Following Travis’ and Cyrus’ example is a new class of emerging country artists who are, by the nature of the songs they are singing, ushering faith in Christ into the spotlight.

Newcomers like USA Networks’ “Nashville Star” (the “country” version of “American Idol”)-turned-Sony-recording-artist Buddy Jewell, MCA Records’ new soulful traditionalist Josh Turner and Statler Brothers’ progeny, Grandstaff, readily acknowledge their gospel music roots and readily admit a present reliance on God for direction and inspiration.

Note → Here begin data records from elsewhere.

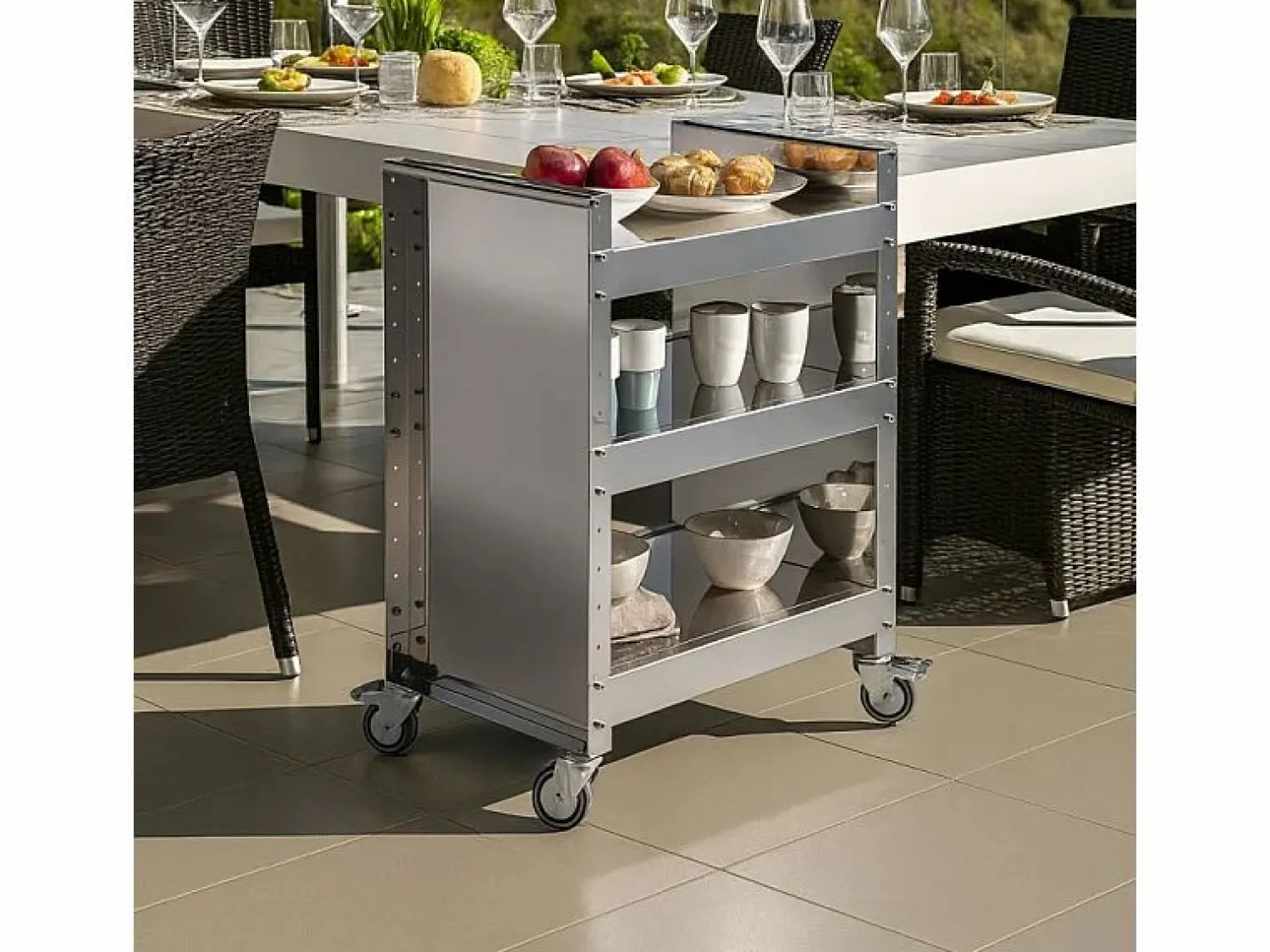 Discount Carro en acero inoxidable con ruedas - 3 estantes regulables - 82*59*40,50 cm - TEO Mueble Camarera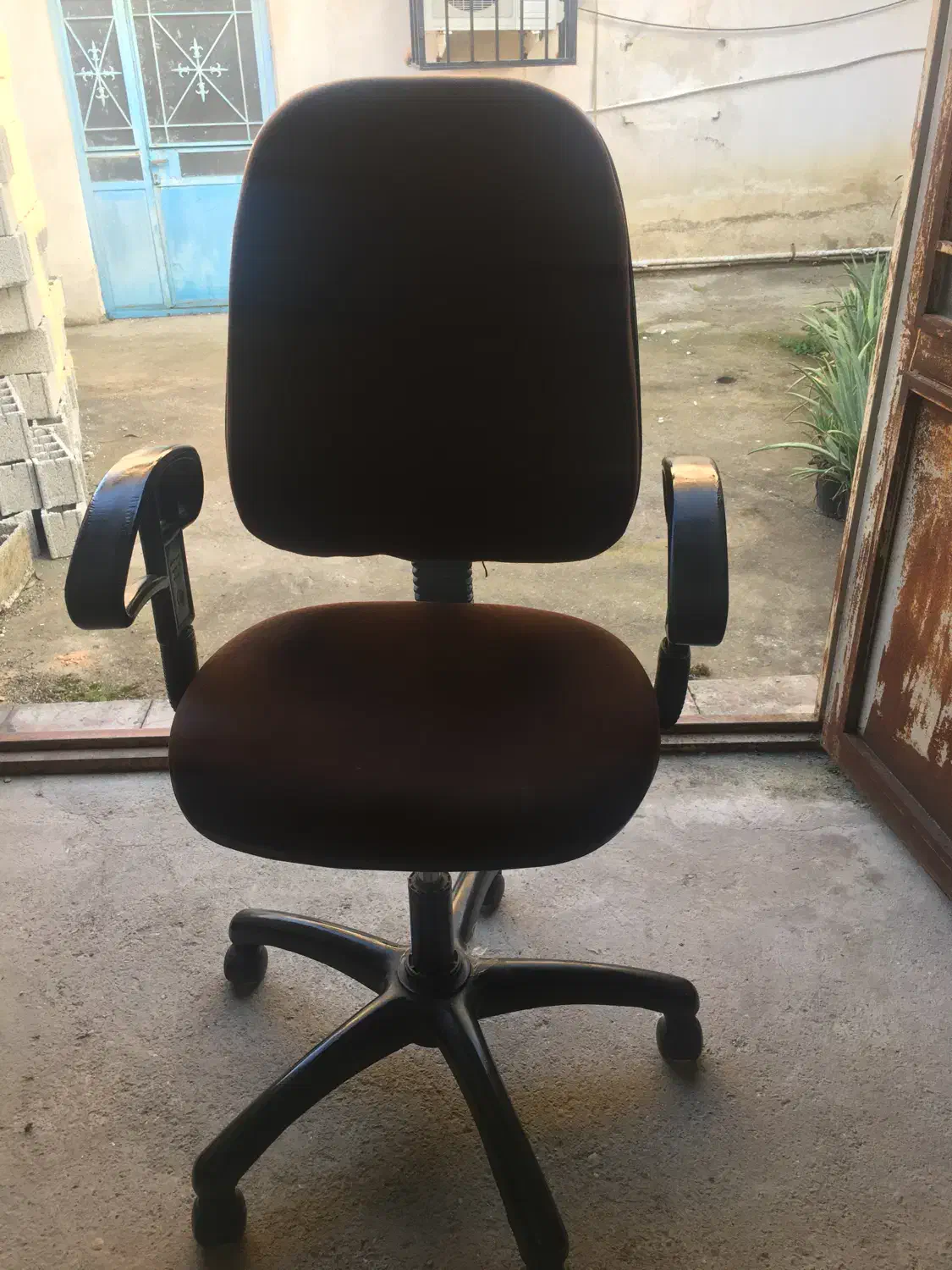 تعداد صندلی چرخ دار سالم|مبلمان اداری|رامسر, |دیوار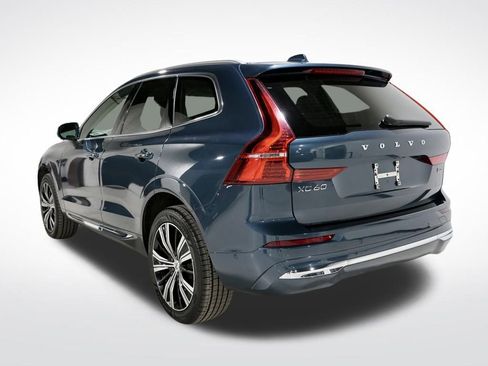 Used 2023 Volvo XC60 B5 Plus w/ Climate Package image 7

Grandstaff, comprised of cousins Wil and Langdon Reid, released its debut country album, "Circles" (Yell/Compendia), last summer and cite efforts like Travis’ as “genuine and inspiring” as they, likewise, work to restore gospel music to its well-deserved place in country’s crown. “Our dads [The Statler Brothers’ Don and Harold Reid] started out in gospel music and never deserted it because it was near and dear to their hearts, and it is to ours as well,” says Wil. In preserving that tradition, Grandstaff says they’ll include gospel cuts on every record and in every concert they perform.

Turner, recognizable by his country radio gem “Long Black Train,” a song that deals with overcoming temptation, reiterates the importance of preserving country’s gospel roots. “Country music’s heritage comes from a faith-based mentality. It comes from people singing in churches and on front porches. The music was a part of everyday life. Country music singers and fans back then were manual labor workers. They were farmers. They lived up in the hills in rural areas where they had to use their hands, and they had to rely on God for their next meal. ‘Country’ meant things like that, where faith played a huge part in their lives. That bled over into the music.”

Turner concludes that gospel singing isn’t just about proselytizing, though. No doubt there’s an important message couched in a catchy melody, he acknowledges. “But I want people to feel what I’m about, no matter what kind of song I sing. I don’t want to have to preach to somebody or sing a gospel song just for them to understand I’m a Christian,” he says. “I want them to see it in my eyes and hear it in my voice.”